The flower spike of L. rigidum may become infected by a certain species of bacteria, which results in the production of corynetoxins which are toxic to livestock; ingestion of infected material causes a disease, known as annual ryegrass toxicity or annual ryegrass staggers, which is known to occur in the west and south of Australia and in South Africa. The infection is caused by the bacterium Rathayibacter toxicus, which is introduced into the grass by the nematode Anguina funesta. This nematode causes galls on the grass flower spikes and it is in these that the bacteria multiply. Infected galls are present in the winter, but become more toxic as the inflorescence dies in spring. The disease occurs when the pasture is grazed at this toxic stage. Topping the pasture before grazing may prevent the condition, but the seed heads are still toxic when preserved as hay. The symptoms of poisoning are neurological, often causing a mortality rate of forty to fifty percent in infected animals.

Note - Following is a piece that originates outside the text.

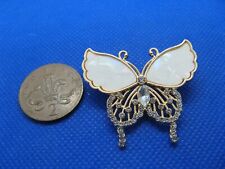 Lovely clear rhinestone for sale  BOLTON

L. rigidum is susceptible to infection by ergot (Claviceps purpurea), and also by take-all fungus (Gaeumannomyces graminis) which can cause serious losses in cereal crops.

==Uses==
Lolium rigidum is grown as a forage crop in suitable areas. About 80% of the seed germinates in the autumn, soon after the first significant rains, and about 5% may remain dormant for twelve months. The plant has vigorous growth, and flowering is initiated when the day length is at least eight hours. This means that the crop has a relatively uniform flowering period in late winter/early spring.

==Damaging effects==
Because L. rigidum has been grown as a forage crop in southern Australia since the nineteenth century and seeds readily, it grows ubiquitously in the region with large, genetically diverse populations. Now that arable crops are increasingly being grown, it has become an important weed of these crops. The main reason for its success in competing with crops is its ability to produce prolific numbers of seeds per plant – up to 45,000 seeds per 1 m2 – and also its ability to compete with crops at a very early stage of their life cycle.

In addition, it serves as a host for species of the bacteria Rathayibacter toxicus (formerly Clavibacter), which cause annual ryegrass toxicity (ARGT), and can be infected by the poisonous ergot fungus, which causes ergotism in humans and other mammals.

Attempts to control it with herbicide have met with an unexpectedly high level of herbicide resistance. Over 90% of plants in some populations are tolerant to some of the widely used herbicides. Instead of wiping out the L. rigidum, the herbicides have resulted in the selection of resistant genotypes. Glyphosate resistance was first discovered in populations of rigid ryegrass in Australia in 1996. Since then, glyphosate resistance has been detected in additional populations of rigid ryegrass and Italian ryegrass in several other countries. Possible bioherbicides are being explored, including Pyrenophora seminiperda, a fungus.

L. rigidum has become one of the most serious and economically damaging weeds in southern Australia. A 2021 study listed annual ryegrass as fourth on the list of invasive species which cost Australian farmers the most over a 60-year period, at over a billion Australian dollars.